The only thing I asked for was total honesty from her with compassion for me. To me, this meant that she needed to be honest in all things, including our conversations about the affair. Of course it meant that she be honest with herself and no longer live in a state of denial. It also meant that she needed to work hard to consider my feelings in choosing her words and ways of sharing difficult facts.

For myself, I had to work on forgiving her without an excuse. The honest fact is that my wife had an affair because she first chose to exchange those emails which allow her to cement an illicit relationship with the OM. After that had occurred she chose to spend time with the OM in situations and places where sexual intimacies could occur. As those things happened and escalated over the course of the affair, she chose to continue the emails, phone conversations, and meetings that lead to more and more betrayal of our marriage. While my wife took steps at a few points to try to end the affair, she only tried to "turn down the volume" rather than "pull the plug" on the relationship (until D-day).
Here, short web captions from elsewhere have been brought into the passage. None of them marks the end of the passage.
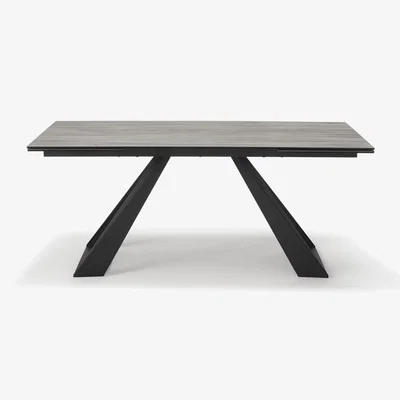 Downtown Spartan Extending Dining Table and 6 Maria Dining Chairs In Grey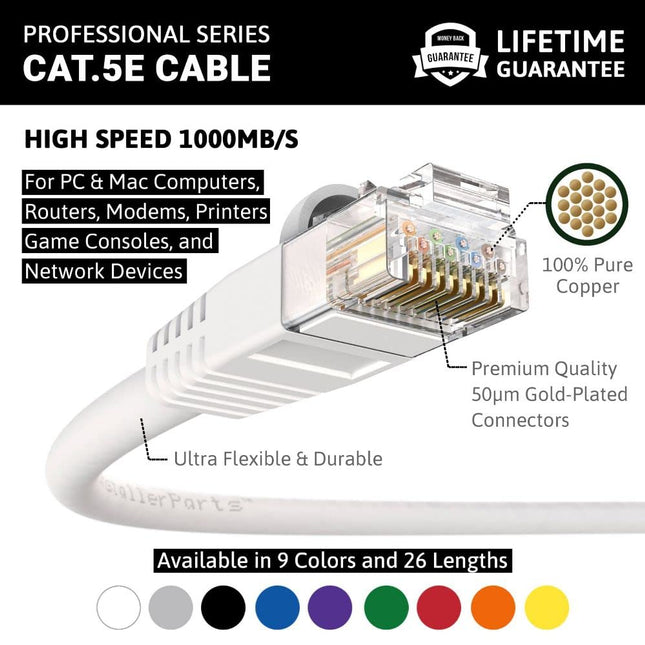 Ethernet Cable CAT5E Cable UTP Booted 5 FT - White - Professional Series - — Smart Tech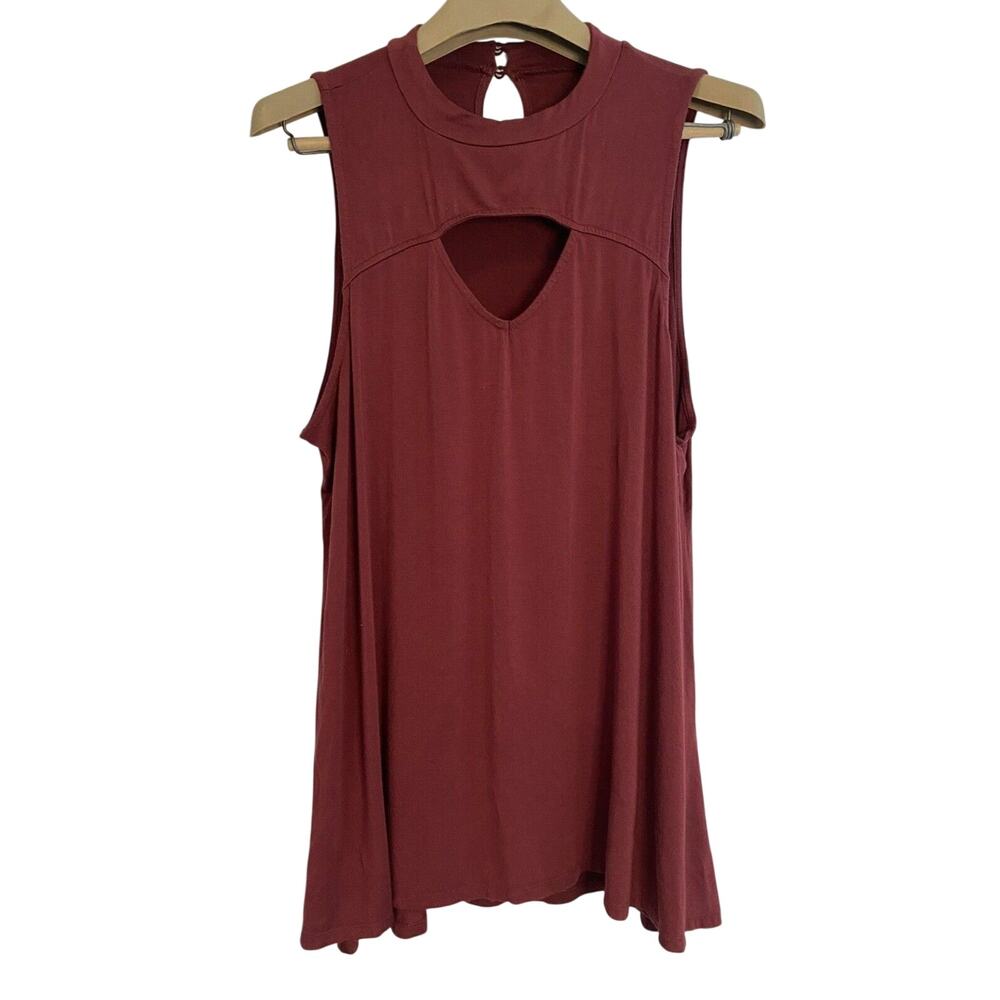 Torrid Super Soft Knits Burgandy Sleeveless Top T-Shirt Size 3X Womens Mock Neck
All of these facts point out that she is responsible for what she did with the OM and there is no excuse to minimize that responsibility. As a result, if I want to continue my marriage with her (emotionally, not just legally), then I have no choice but to forgive her. That has been my work in reconciliation.

TomJ


    
This message has been edited by tomj76 on Dec 2, 2008 9:32 AM


 
 

fairyfriend
(Login fairyfriend)
Member

change

December 1 2008, 10:49 PM 

Louise,

I would like to add to TomJ's excellent post. Forgiveness is not an all-or-nothing action. It is a process. Further, some people are not able to forgive 100% although I am not sure how we quantify forgiveness, but I do know that my H had to earn my forgiveness, and that did not happen in a day, a week, a month, or even a year. Please don't beat yourself up expecting to forgive your H and not being able to when he (and maybe you, too) think you should.